It was trips to the cinema with his mother that made British director, writer and producer Ken Russell a lifelong film fan and this developed into making his own short films. From there, he directed dramas on famous composers for the BBC, and was soon making his own features.

French Dressing did not make much of an impact, but if his Harry Palmer episode Billion Dollar Brain was fairly well received, then his follow up, Women in Love really put Russell on the international movie map. From there the seventies produced most of the highlights of his career, never shying away from controversy, with The Music Lovers, The Devils (most reviled of his films and his masterpiece), musical The Boy Friend, and more music and artist based works with Savage Messiah, Mahler, Tommy (the film of The Who's concept album) and Lisztomania.

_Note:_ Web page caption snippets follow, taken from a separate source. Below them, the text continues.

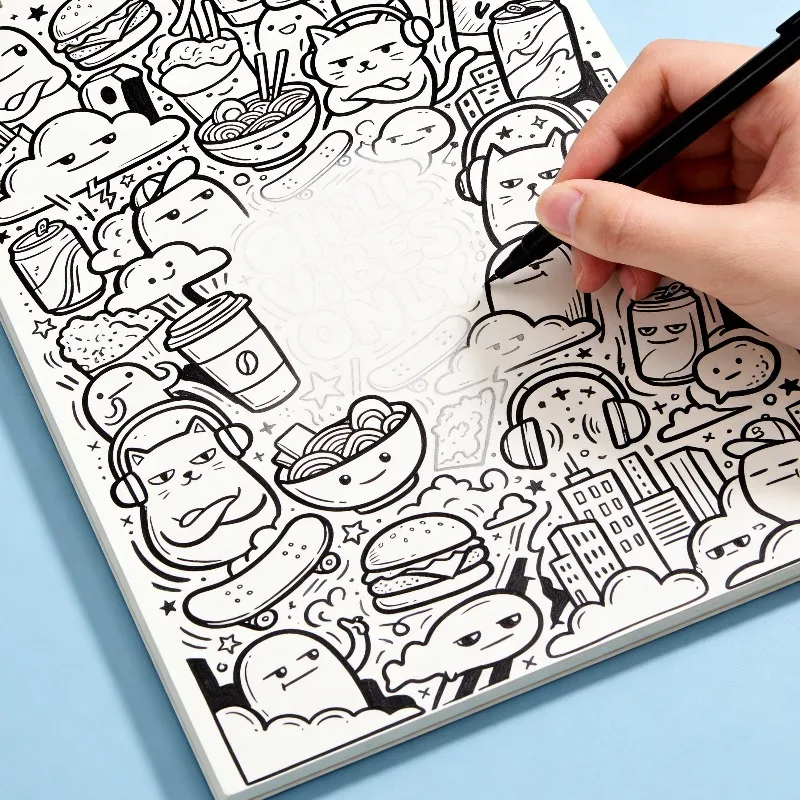 A Cartoon Graffiti Coloring Book, A High-definition Line Draft Copy, An Art Creation Drawing Book, 21x14cm, 24 Vivid Patterns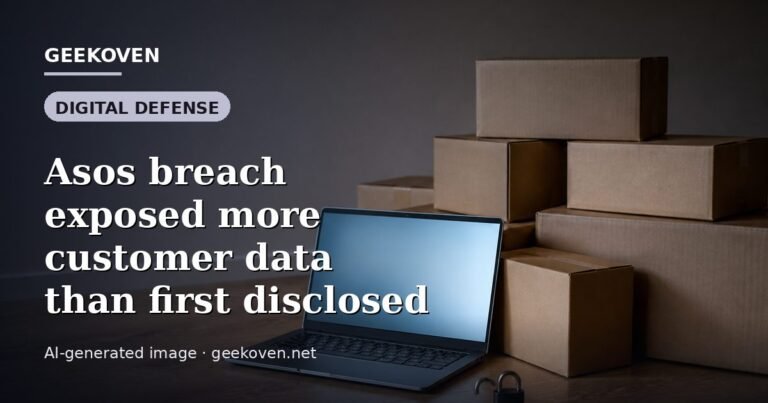 Illustration for the Digital Defense article “Asos breach exposed more customer data than first disclosed”: an AI-generated editorial illustration showing a scene illustrating the subject of the article, with the headline set over it. Illustrative only, not a photograph of a real event.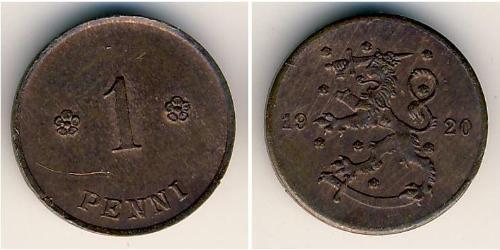 1 Пені Фінляндія (1917 - ) Мідь 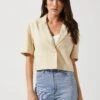 Melrose Short Sleeve Jacket -Outlet Cozi Luxe Store ACT16704 NATURAL 2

After the seventies, which he ended with the biopic Valentino, his popularity declined somewhat with Altered States suffering production difficulties and later projects difficult to get off the ground. Nevertheless, he directed Crimes of Passion, Gothic, Salome's Last Dance, cult horror Lair of the White Worm and The Rainbow in the eighties, but the nineties and beyond saw more erratic output, with many short films that went largely unseen, although a UK TV series of Lady Chatterley was a success. At the age of 79 he appeared on reality TV show Celebrity Big Brother but walked out after a few days. Russell was one of Britain's most distinctive talents, and his way of going passionately over the top was endearing and audacious, while he rarely lost sight of his stories' emotional aspects.